(EXERCISE): Restate word for word the span of lines that opens with the line containing "Minimal grid Contour" and closes with the last line of the material. Include both ends and nothing more.
--- ENTRIES SUPPLIED ---
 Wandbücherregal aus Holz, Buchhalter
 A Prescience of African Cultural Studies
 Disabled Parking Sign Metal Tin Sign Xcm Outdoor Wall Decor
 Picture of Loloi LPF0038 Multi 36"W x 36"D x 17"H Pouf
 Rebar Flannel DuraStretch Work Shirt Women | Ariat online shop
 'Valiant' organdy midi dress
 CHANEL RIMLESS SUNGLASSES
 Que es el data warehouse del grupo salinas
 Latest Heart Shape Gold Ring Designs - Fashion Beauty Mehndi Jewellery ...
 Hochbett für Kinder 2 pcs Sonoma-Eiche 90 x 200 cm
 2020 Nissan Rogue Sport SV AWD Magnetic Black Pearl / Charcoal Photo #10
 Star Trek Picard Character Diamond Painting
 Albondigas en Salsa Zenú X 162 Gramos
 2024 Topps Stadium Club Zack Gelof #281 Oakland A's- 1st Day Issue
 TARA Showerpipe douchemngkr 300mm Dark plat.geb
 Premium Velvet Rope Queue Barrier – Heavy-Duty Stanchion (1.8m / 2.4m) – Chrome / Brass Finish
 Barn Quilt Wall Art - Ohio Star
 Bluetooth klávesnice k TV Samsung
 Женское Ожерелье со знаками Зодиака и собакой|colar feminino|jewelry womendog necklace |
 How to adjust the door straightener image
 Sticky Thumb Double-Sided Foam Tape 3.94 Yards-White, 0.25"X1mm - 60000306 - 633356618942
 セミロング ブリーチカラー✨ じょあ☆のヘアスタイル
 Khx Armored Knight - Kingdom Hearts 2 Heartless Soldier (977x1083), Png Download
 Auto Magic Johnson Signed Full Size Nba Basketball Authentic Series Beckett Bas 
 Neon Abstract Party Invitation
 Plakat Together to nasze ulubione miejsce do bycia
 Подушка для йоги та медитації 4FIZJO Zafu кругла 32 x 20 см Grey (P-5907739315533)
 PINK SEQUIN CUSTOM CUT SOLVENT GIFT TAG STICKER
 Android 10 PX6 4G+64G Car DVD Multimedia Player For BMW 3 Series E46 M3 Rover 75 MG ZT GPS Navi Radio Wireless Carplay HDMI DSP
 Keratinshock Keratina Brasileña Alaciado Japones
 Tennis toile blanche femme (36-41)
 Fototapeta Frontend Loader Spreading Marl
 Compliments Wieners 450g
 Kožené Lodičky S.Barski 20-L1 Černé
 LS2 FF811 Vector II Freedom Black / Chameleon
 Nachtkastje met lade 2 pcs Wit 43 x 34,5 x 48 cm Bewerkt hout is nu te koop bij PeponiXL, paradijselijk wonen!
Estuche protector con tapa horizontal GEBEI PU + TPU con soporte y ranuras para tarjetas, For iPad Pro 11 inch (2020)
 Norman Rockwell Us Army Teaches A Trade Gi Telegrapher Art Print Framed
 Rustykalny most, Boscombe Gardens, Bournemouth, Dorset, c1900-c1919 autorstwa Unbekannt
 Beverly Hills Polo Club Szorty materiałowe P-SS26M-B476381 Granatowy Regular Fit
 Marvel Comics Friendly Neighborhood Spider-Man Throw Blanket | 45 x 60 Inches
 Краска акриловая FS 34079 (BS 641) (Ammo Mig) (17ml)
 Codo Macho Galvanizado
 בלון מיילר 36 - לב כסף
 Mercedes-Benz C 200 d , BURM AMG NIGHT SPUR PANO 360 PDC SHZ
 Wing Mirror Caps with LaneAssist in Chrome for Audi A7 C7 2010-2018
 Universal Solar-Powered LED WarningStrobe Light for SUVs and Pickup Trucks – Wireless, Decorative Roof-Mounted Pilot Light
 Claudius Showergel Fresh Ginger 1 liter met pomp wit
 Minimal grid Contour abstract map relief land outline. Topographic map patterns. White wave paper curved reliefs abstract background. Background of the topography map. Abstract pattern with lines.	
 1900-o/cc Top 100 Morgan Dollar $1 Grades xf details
---
(WRITTEN SOLUTION):
 Minimal grid Contour abstract map relief land outline. Topographic map patterns. White wave paper curved reliefs abstract background. Background of the topography map. Abstract pattern with lines.	
 1900-o/cc Top 100 Morgan Dollar $1 Grades xf details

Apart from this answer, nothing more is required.